:: Exercise ::
Please repeat word for word the line containing "2016 Land Rover" and every following line up to and including the last one below, pictures excluded.

Short text fragments from websites:
========================================
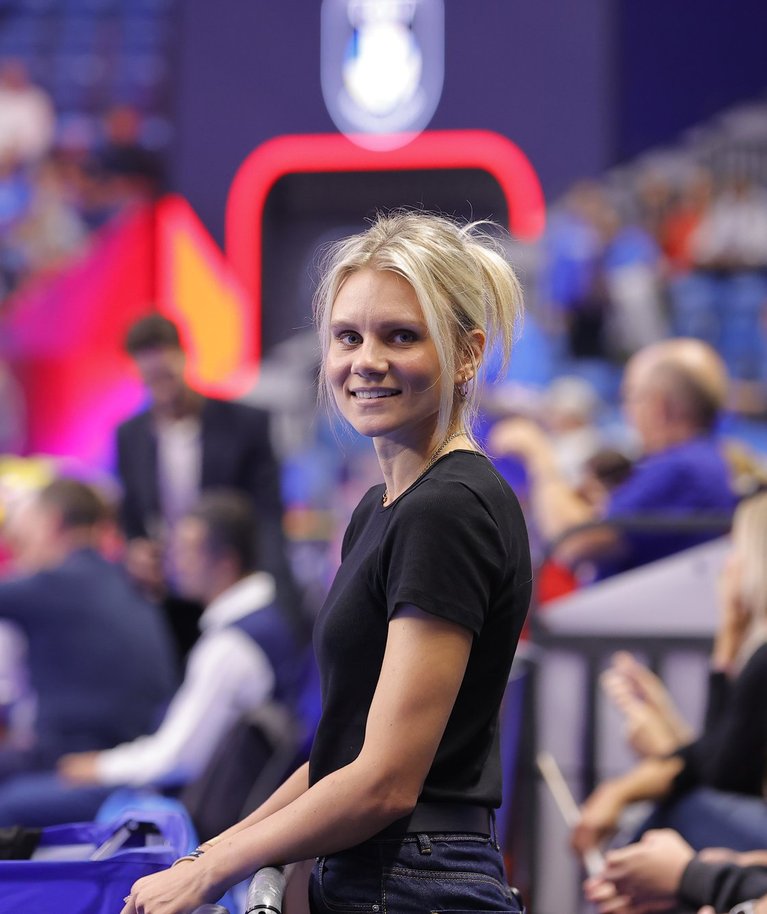 Julija Mõnnakmäe aitas 2019. aastal Eesti naiskonna esimest korda EM-ile. Tänavusel EM-il toetas ta koondist platsi kõrvalt.
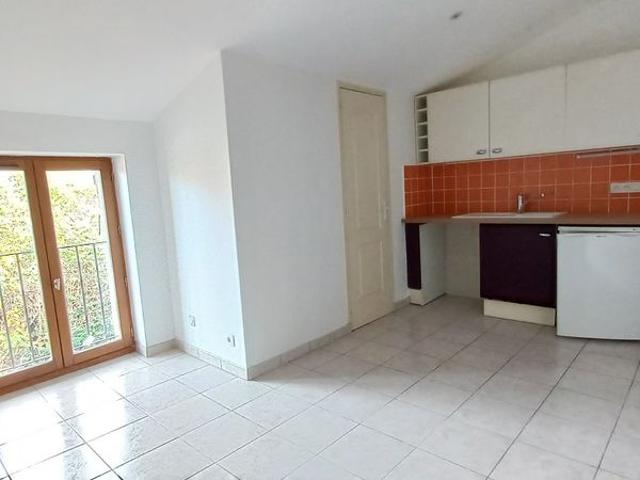 Location Appartement 2 pièces 31m² CUGNAUX 31270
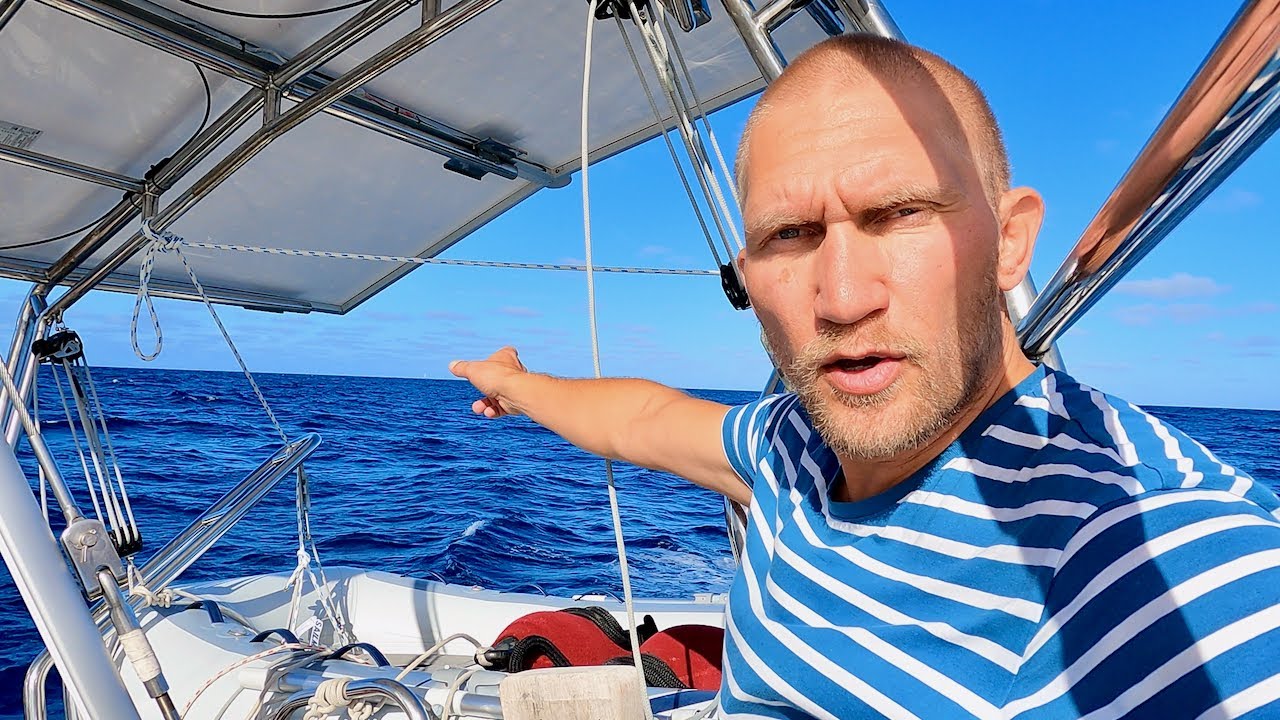 Navigați prin Golful Biscaya în cea mai proastă lună a anului - Ep.  273 RAN Sailing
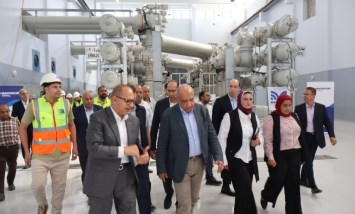 وزير الكهرباء والطاقة المتجددة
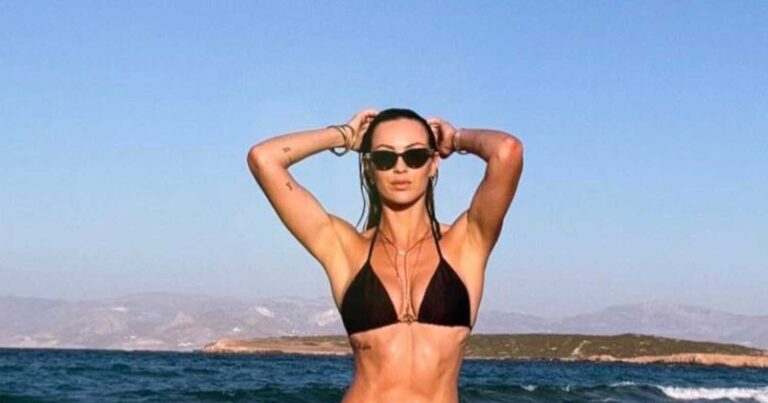 Διάσημη Ελληνίδα δημοσιογράφος έχει κορμί «αεροδρόμιο» και ύψος 1,80 –  Είναι μια από τις πιο εντυπωσιακές γυναίκες της χώρας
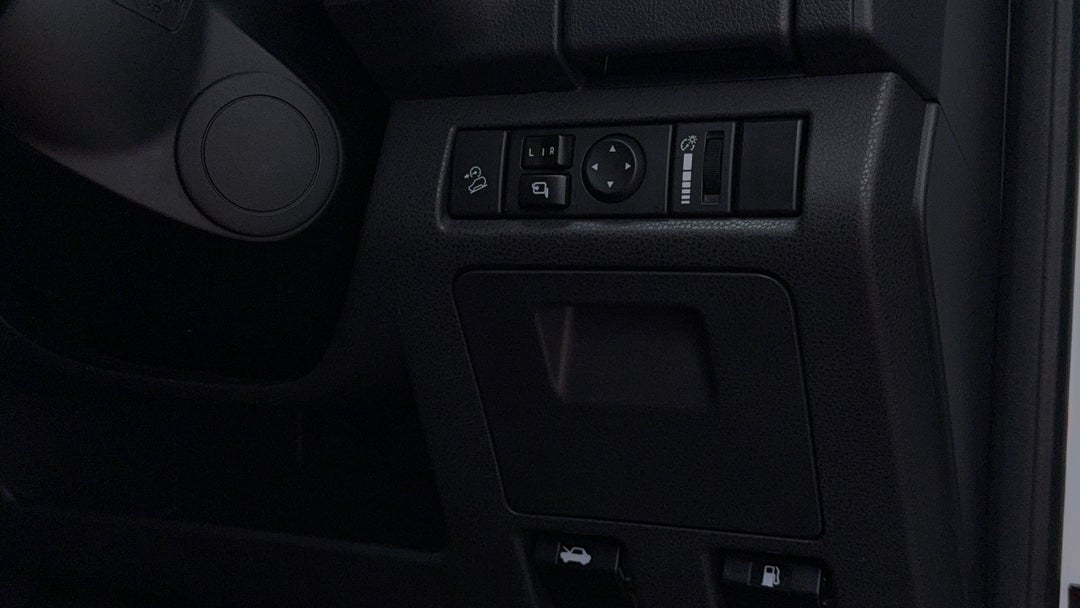 Utility Switches/Buttons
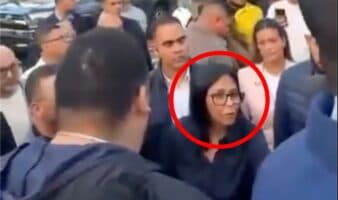 Universitarios exigen a Delcy Rodríguez la liberación de presos políticos | Video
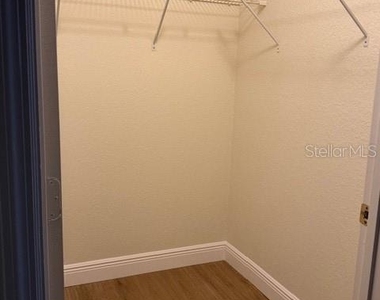 3707 Conroy Road - Photo Thumbnail 6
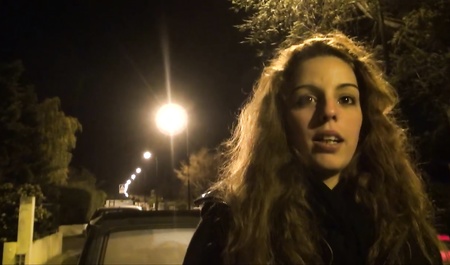 Ein Mann lernt eine verheiratete Frau kennen und hat Freude an ihr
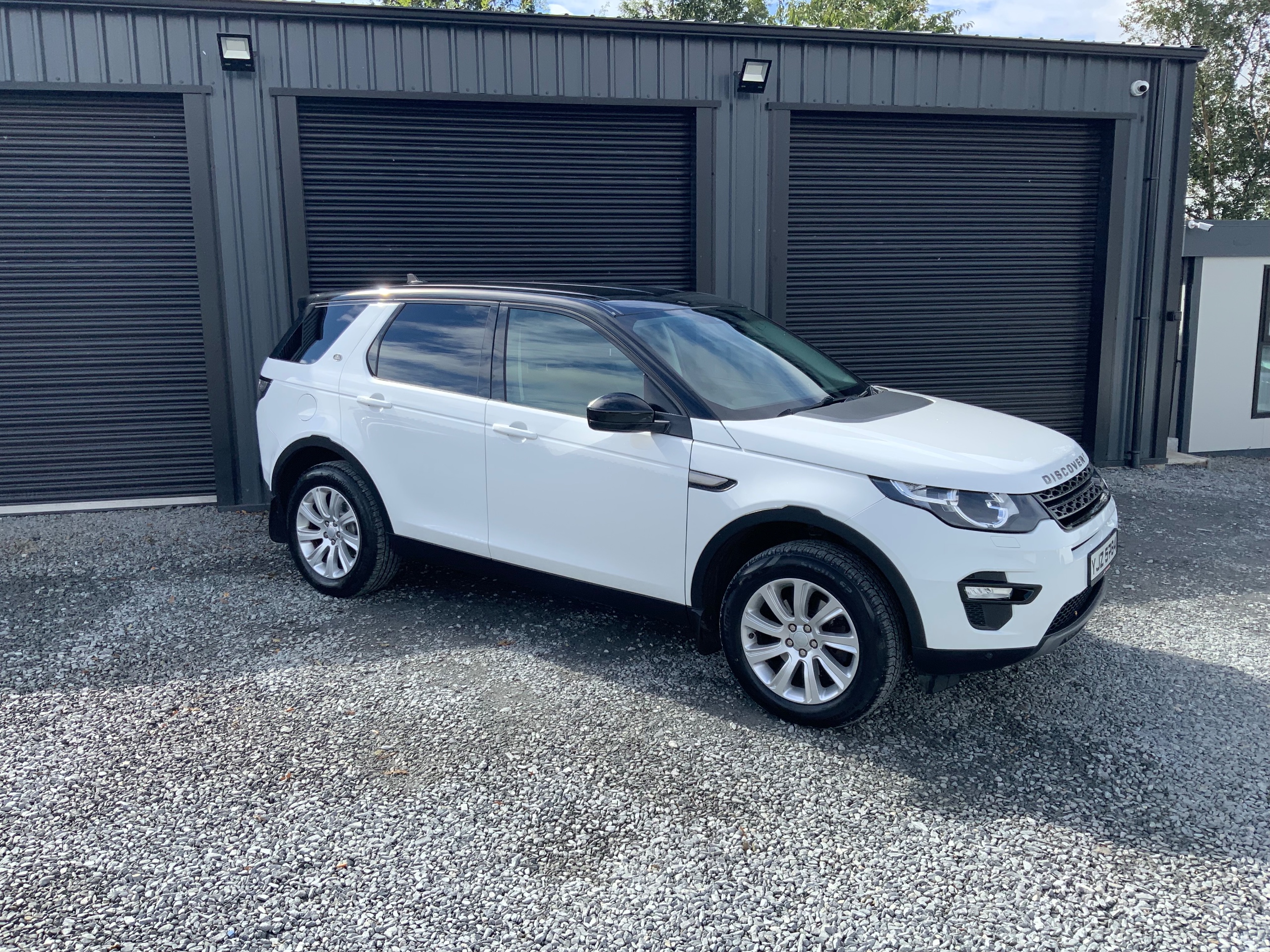 2016 Land Rover Discovery Sport 2.0 TD4 SE Tech SUV 5dr Diesel Auto 4WD Euro 6 (s/s) (180 ps) - vehicle photo 2 for sale on PureCar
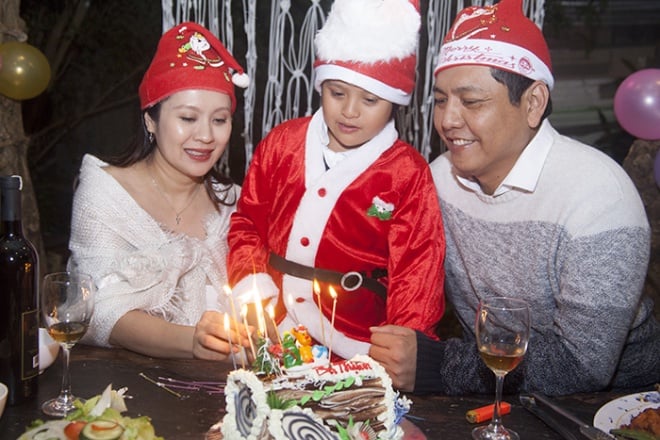 Gia đình Thanh Thuý hạnh phúc trong dịp giáng sinh cũng là sinh nhật đạo diễn Đức Thịnh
========================================
:: Result below ::
 2016 Land Rover Discovery Sport 2.0 TD4 SE Tech SUV 5dr Diesel Auto 4WD Euro 6 (s/s) (180 ps) - vehicle photo 2 for sale on PureCar
 Gia đình Thanh Thuý hạnh phúc trong dịp giáng sinh cũng là sinh nhật đạo diễn Đức Thịnh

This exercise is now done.